Every now and then I like to while away a few minutes just ‘looking’ at a library catalogue, you can have a lot of fun mixing and matching search terms to see what you get and it was during one of these kinds of lucky dip search sessions with the Casey Cardinia Library Catalogue that I found Crime in the Port Phillip District 1835-51 by Paul R Mullaly. The catalogue summary said that it’s: “a study of the administration of the criminal law in the Port Phillip District from the arrival of the white settlers until the onset of the Gold Rush and Separation. This study will help the present community understand many aspects of our present culture and give many citizens an insight into the community in which their ancestors lived. This book will be of interest to the legal profession, students of Victorian/Australian history, and a general readership.” And it is – but it’s also so much more, especially if you’re a family historian with ancestors in that place at that time.
The book won the Judges Special Prize for Excellence in the Victorian Community History Awards 2009, and deservedly so. Paul Mullaly QC BA LLB, is obviously a clever man, the letters after his name tell us so, but don’t let that put you off. Paul Mullaly is clever enough to write about a complex topic in plain everyday English that is a pleasure and delight to read. I can understand his meaning and intent on the first reading of every paragraph and so will you.
If you had ancestors in the Port Phillip area between 1835-1851 then you must take a look at the name and subject indexes for the book, which are not at the back of the book but on the publisher’s website as pdf. files to download. So, you can always have the indexes to refer to without having to get the actual book.
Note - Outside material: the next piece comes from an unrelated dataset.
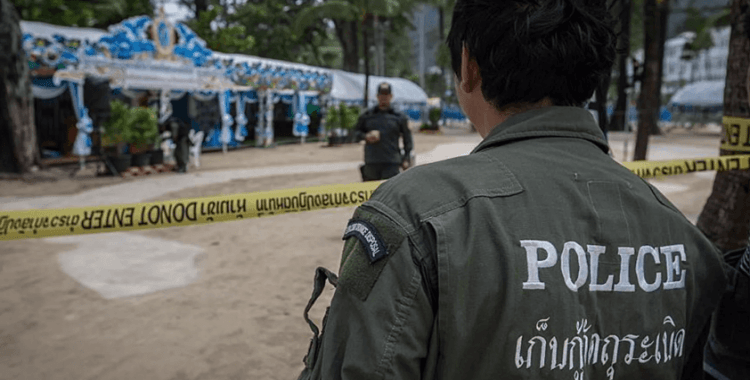 Tayland'da okulda silahlı saldırı: 1 ölü, 2 yaralı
A little different I’ll admit but the book is 764 pages without indexes and the name index is another 68 pages, so you can see where they’re going with this, if the indexes were printed in the book you might not be able to carry it home!
Crime in the Port Phillip District 1835-51 contains a glossary, a conversion table for money and weights and a background to the community of the time and the emerging legal system and procedures for crime investigation and arrest, committal for trial, preparation for trial and the trial itself. Following that are sections devoted to the the insane, offences against the person, offences against property, offences against justice and miscellaneous offences – all explained in plain language and illustrated with actual cases and names of the people involved. And if worst comes to worst and your ancestors aren’t mentioned in the book but they did have troubles with the law in some way, the background information alone would warrant getting the book.
Sadly, I could find none of my lot, but that didn’t diminish the pleasure I found in reading about someone else’s ancestors, perhaps they were yours! The book is available from the Casey Cardinia Library Corporation, or it will be as soon as I return it – or you could try Trove to see if you’re near the other 20 libraries that hold the book.